Required work:
Search the records for the line with "Stylish brass hugging". Output that line and each line after it, exactly, and stop at the end; omit pictures.

Records from a dataset:
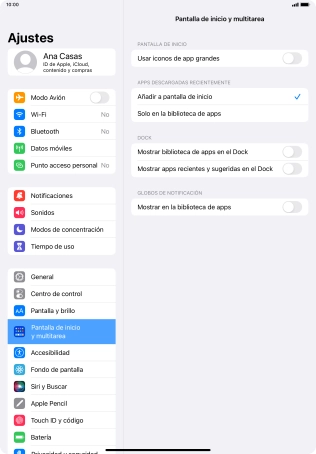 Para añadir nuevas apps descargadas a la pantalla de inicio y a la biblioteca de apps, pulsa Añadir a pantalla de inicio.
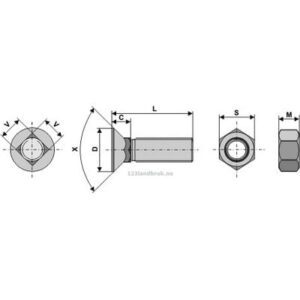 Plogbolt - 8.8 - 3/8''x50mm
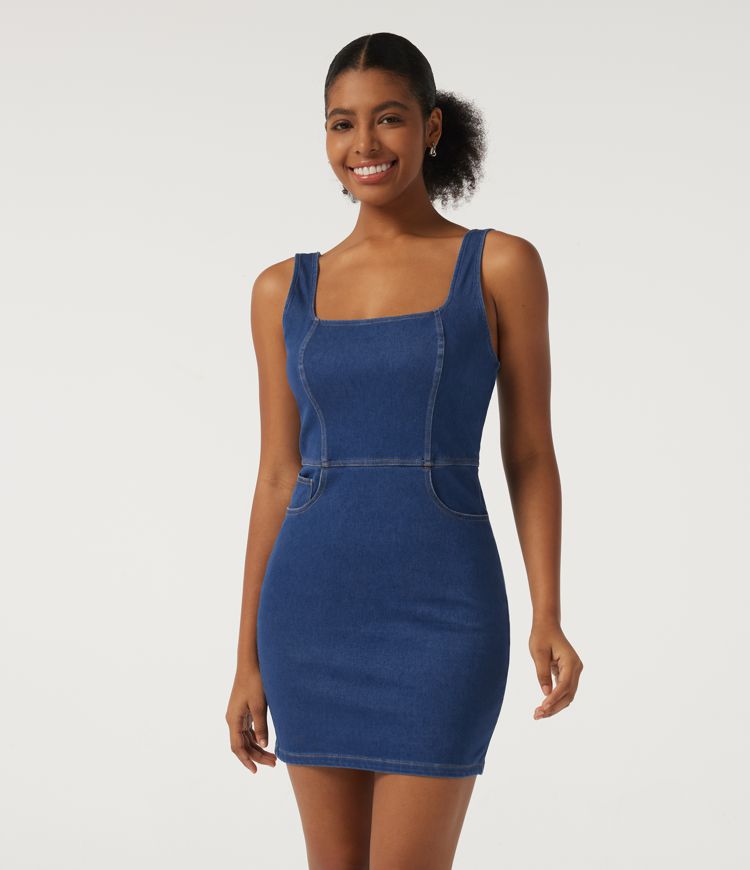 Halara Flex™ Denim Square Neck Sleeveless Patterned A-Line Bodycon Casual Cotton Mini Dress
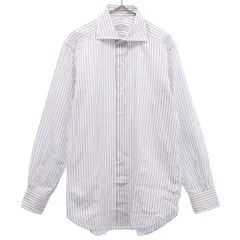 TOMORROW LAND PILGRIM トゥモローランド ピルグリム ストライプ 長袖 シャツ 39 ホワイト系 コットンシャツ メンズ 古着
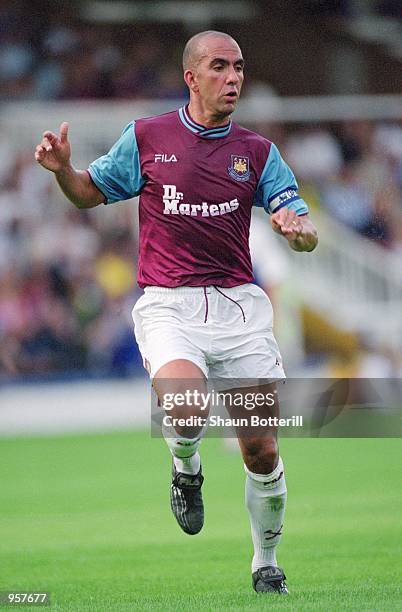 Paolo Di Canio of West Ham United in action during the Pre-season friendly match against Peterborough United played at London Road in Peterborough,...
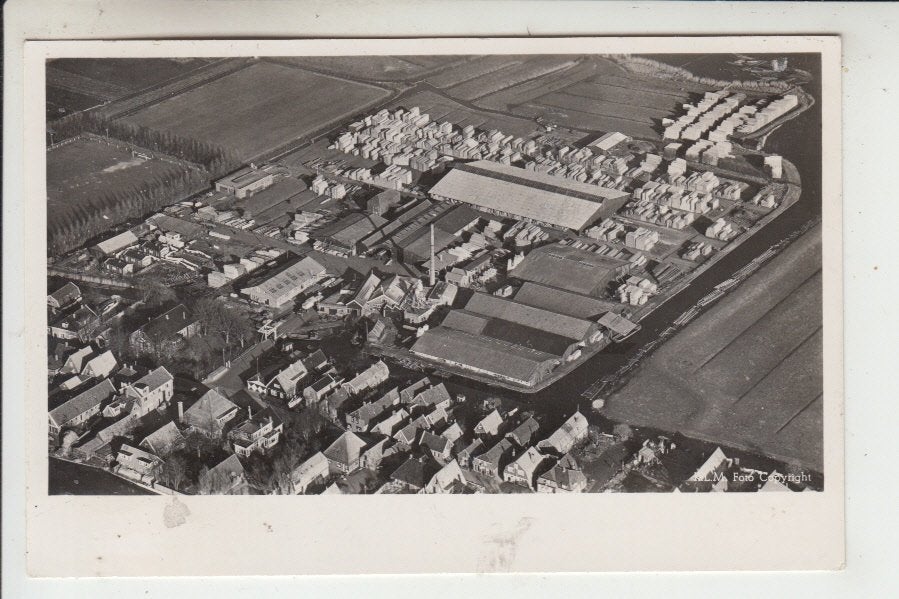 Oudkarspel, Luchtfoto Houthandel J. Eecen Gzn., Ophalen of Verzenden, 1940 tot 1960, Noord-Holland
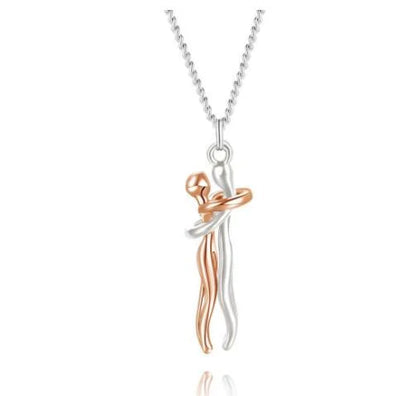 Stylish brass hugging couple necklace with minimalist design - a thoughtful Valentine's Day gift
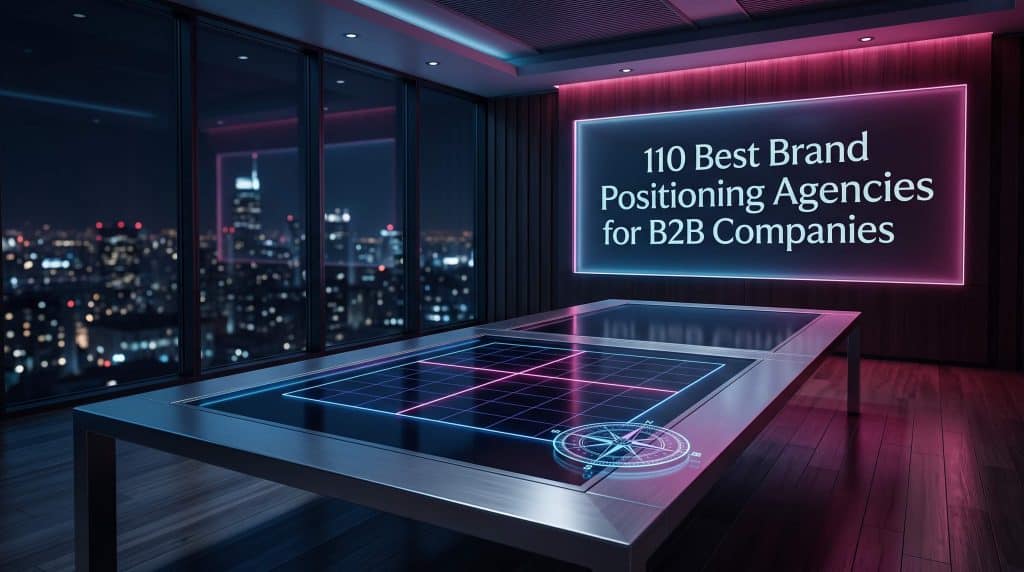 A high-tech boardroom table featuring an embedded digital touchscreen with a grid map and compass, overlooking a city skyline at night.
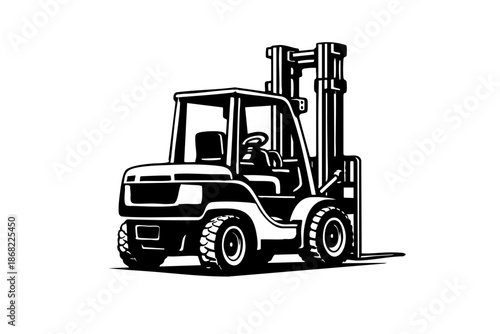 Rear three-quarter angle forklift showing counterweight and mast structure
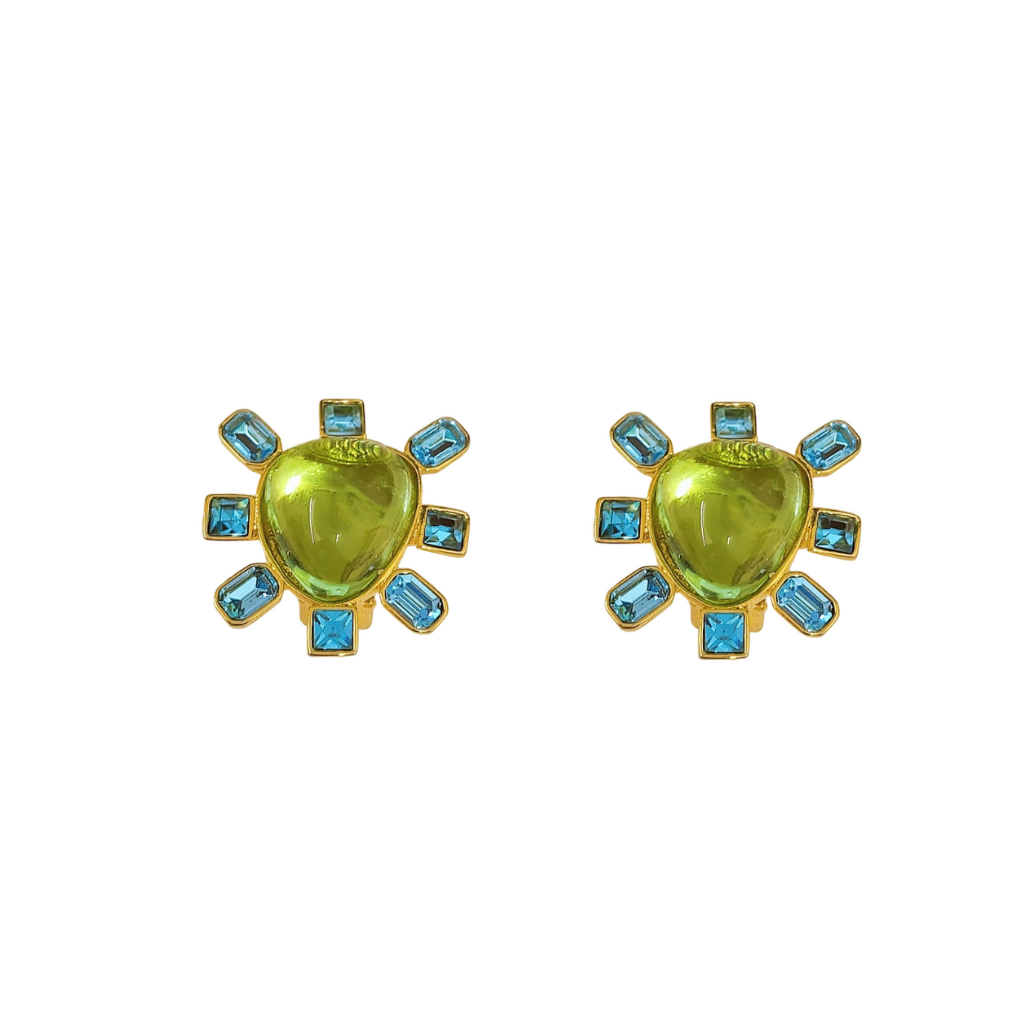 Aqua and Peridot Cabochon Center Clip Earring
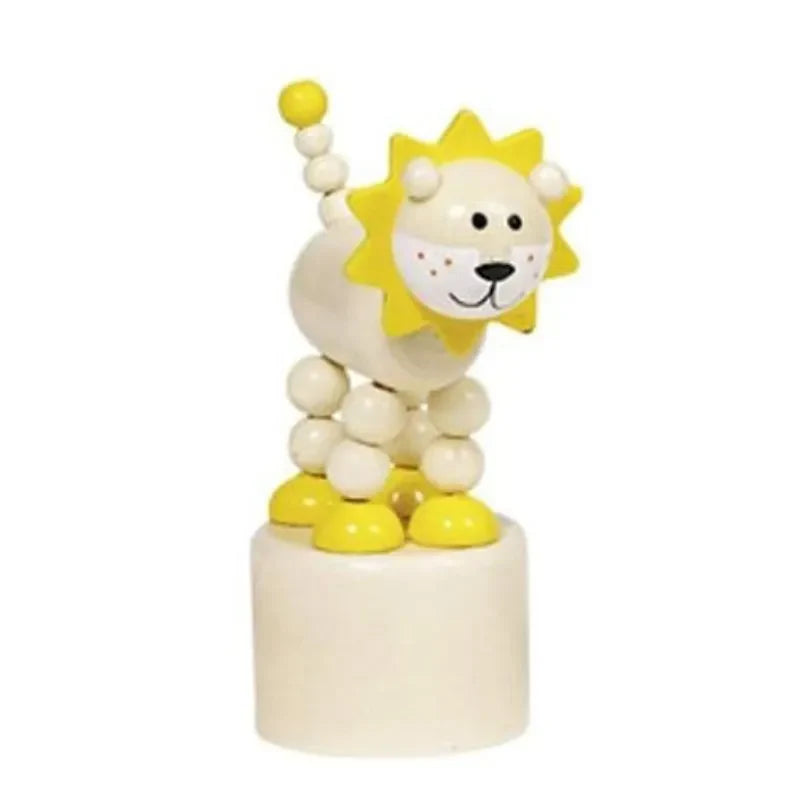 The Animal Push-up Lion is a wooden fidget toy featuring a lion with a round body crafted from cream and yellow beads, resting on a cylindrical base. Its sun-shaped mane and cute, friendly expression make this traditional toy an ideal stocking filler.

Finished exercise:
 Stylish brass hugging couple necklace with minimalist design - a thoughtful Valentine's Day gift
 A high-tech boardroom table featuring an embedded digital touchscreen with a grid map and compass, overlooking a city skyline at night.
 Rear three-quarter angle forklift showing counterweight and mast structure
 Aqua and Peridot Cabochon Center Clip Earring
 The Animal Push-up Lion is a wooden fidget toy featuring a lion with a round body crafted from cream and yellow beads, resting on a cylindrical base. Its sun-shaped mane and cute, friendly expression make this traditional toy an ideal stocking filler.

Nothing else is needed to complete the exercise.